Of course ultimately these dragon or serpent slaying heroes may be traced back to *Thunaraz in the Germanic world and His Indo-Aryan cognate Indra.
"I WILL declare the manly deeds of Indra, the first that he achieved, the Thunder-wielder. He slew the Dragon, then disclosed the waters, and cleft the channels of the mountain torrents.
"He slew the Dragon lying on the mountain: his heavenly bolt of thunder TvaStar fashioned." (Rig Veda, Hymn XXXII 1,2, Ralph T.H. Griffith translation)
If the Eddas of course we have a number of encounters between Thor and the Midgardsorm, the world serpent who will be the bane of Thor at Ragnarok but who in turn will be slain by Him.

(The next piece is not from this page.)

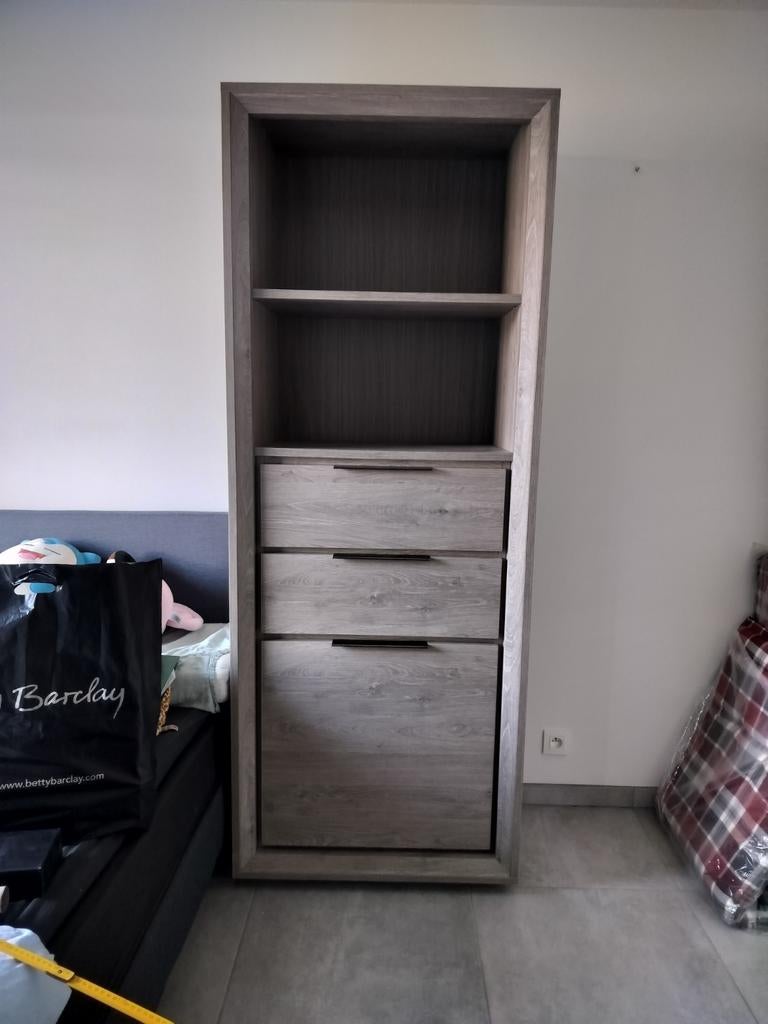 Boekenkast grijs hout, Ophalen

What does all this serpent slaying indicate? Of course we have the traditional interpretation of this as a nature myth of the eternal struggle between light and darkness, day and night and on a certain level this is correct but there is another interpretation which was proposed by the emminent scholar Professor Laurence Austine Waddell. Aryan man thousands of years ago was involved in the eradication of an evil serpent cult which was lunar in type and involved wholscale human sacrifice. Many of the stories contained within the Aryan mythologies describe battles between an incoming and dominant Nordic people who sought to wipe out this cult which it is important to understand was matriarchal, matrilineal, lunar and cthonic. Eventually the patriarchal solar religion of Nordic Aryan man dominated those civilisations which he planted. In The Rise of Man in the Gardens of Sumeria. A Biography of L.A. Wadell (2009) Christine Preston restates the 19th century hypothesis that "human society in the period of 7,000 to 2,000 BC was matriachal, and that a mother-cult with the 'figure of a goddess and dying god' was widespread". She refers to the work of the Lithuanian scholar Marija Gimbutas who speculated that human societies from the Near East to Western Europe were originally matrilineal (The Gods and Goddesses of Europe, 1974 and The Living Goddesses, 1999.) Traces of this matrilineal society may be found amongst the non-Indo-European Basques, Iberians and Picts.